The Department for Transport (DfT) recently ran a consultation looking at closing a loophole in mobile phone use behind the wheel, with 81% of those who responded, supporting the change. The new law will come into force on 25th March 2022 and will result in using a hand held mobile phone behind the wheel being illegal in virtually any circumstance, including while stationary.
Drivers will still be able to use hand’s free devices, such as sat-navs, as long as they are securely fastened.
Why is change needed?
The mobile phone has come a long way since the creation of the mobile phone offence. The law currently states that the handheld mobile phone offence is only triggered when a driver is holding a mobile phone in their hand and communicating with another person through voice call, texting, email or communicating with the internet.

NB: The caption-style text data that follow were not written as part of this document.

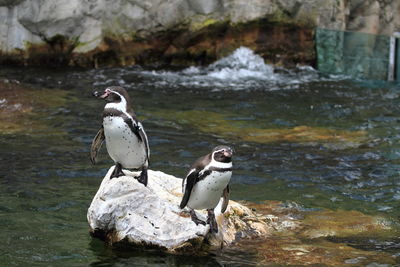 Birds perching on rock in lake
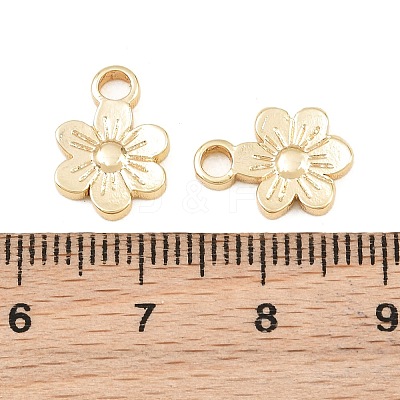 304 Stainless Steel Charms SA-CBA76DA-14G-A-1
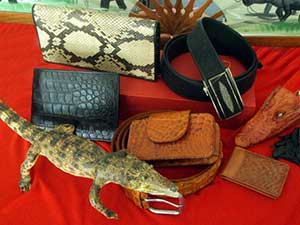 Сувениры из крокодиловой кожи из Нячанга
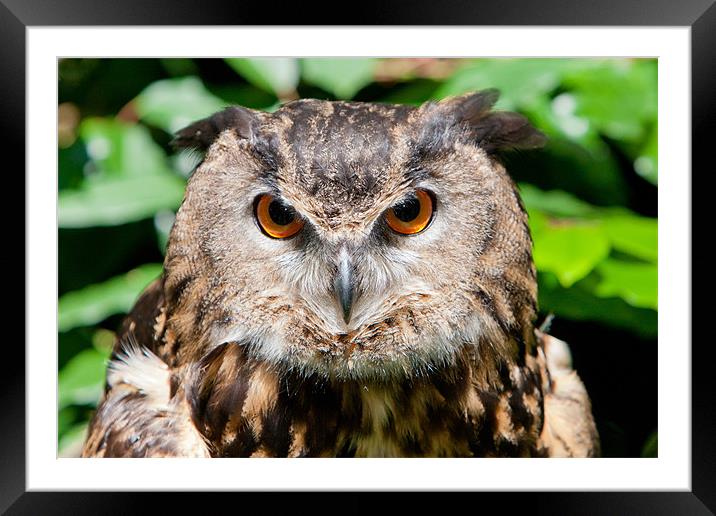 Great Horned Owl Framed Mounted Print by David Tyrer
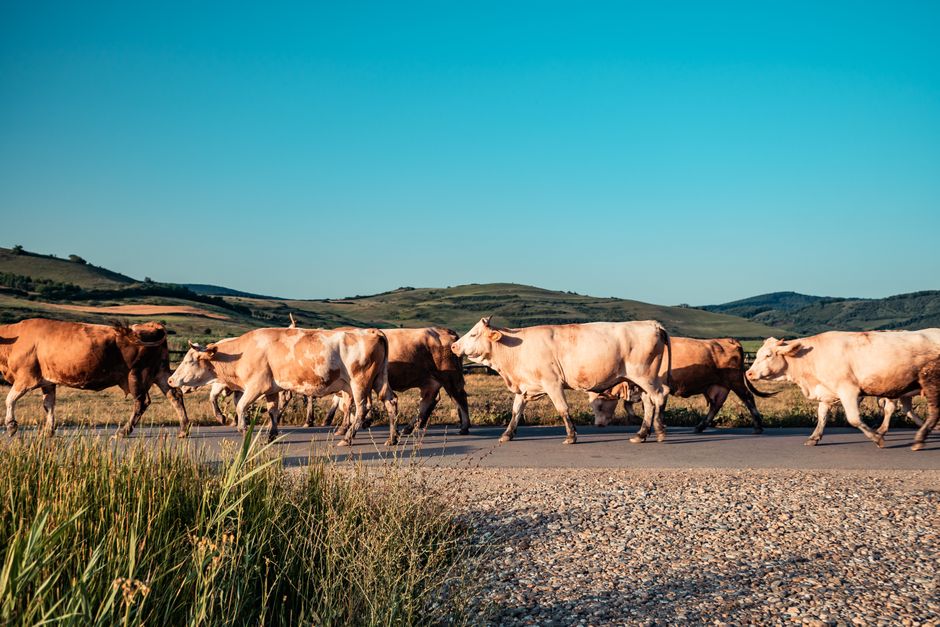 Un grupo de vacas caminando por una carretera rural rodeada de un pintoresco campo en un soleado día de verano.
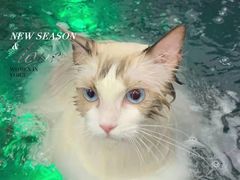 -欧奕国际动物医院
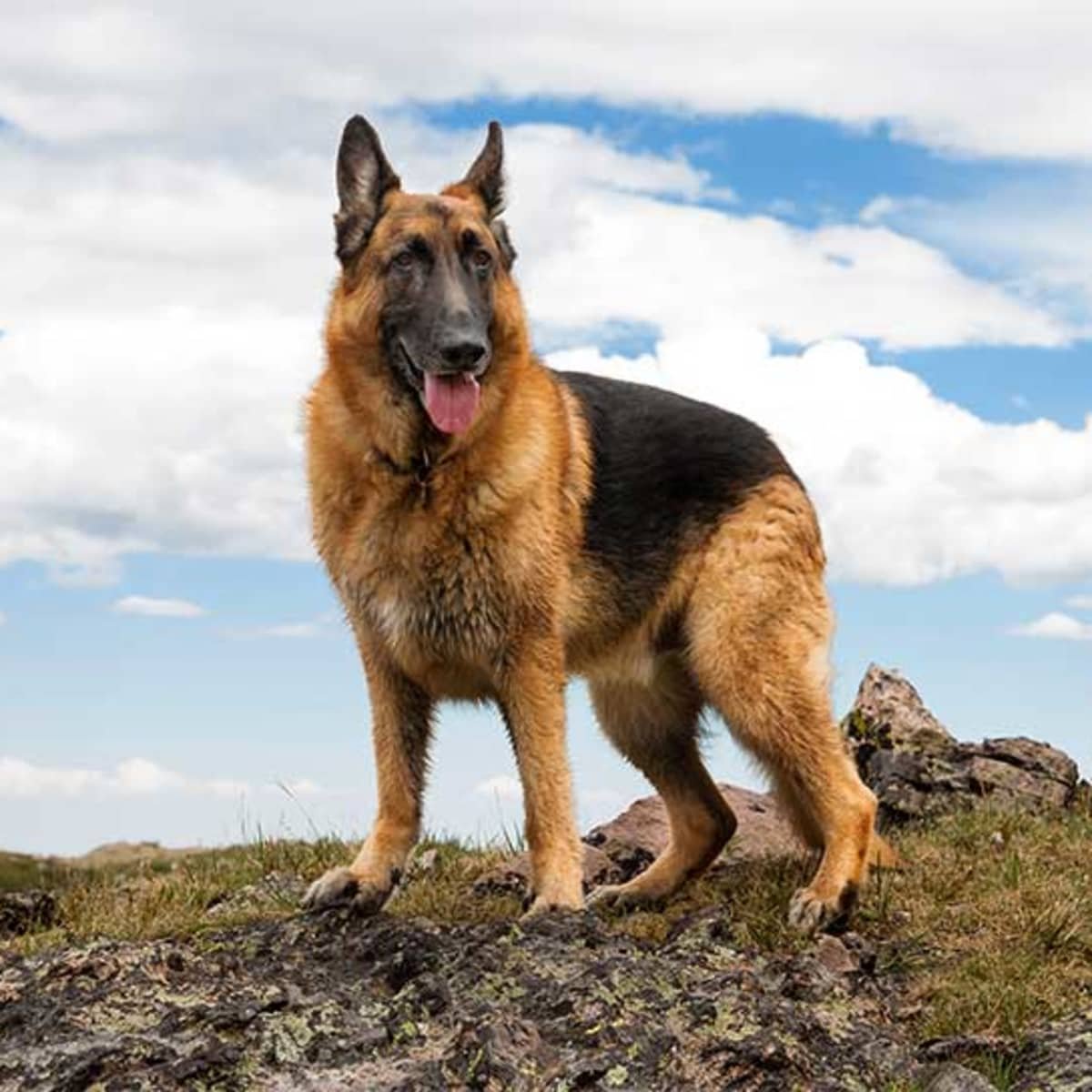 Is German Shepherd Banned In India: Legal Facts & Myths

It is equally dangerous for a driver to use a hand-held mobile phone to search for music stored on the phone or to record video footage while driving. Currently, these “standalone” functions can lead to enforcement action by the police but not under the handheld mobile phone offence.
The police may choose to take action under the offence of “not in proper control” of the vehicle. The penalty for “not in proper control” offence is not as tough as the dedicated mobile phone offence. This weakens the tough stance taken by the Government on penalties for using a hand-held mobile phone while driving.
Exemptions to the new law
There is an exemption to this law, for drivers using a mobile phone to make contactless payments at appropriate locations, while stationary, for example at drive through food outlets.
Drivers who are caught using a hand-held device behind the wheel will face a £200 fixed penalty notice and 6 points on their licence.
By strengthening the law to make using a hand-held phone while driving illegal, in a wider range of circumstances will ensure police can take immediate action if they see a driver using a phone at the wheel, bolstering current police powers to tackle this behaviour.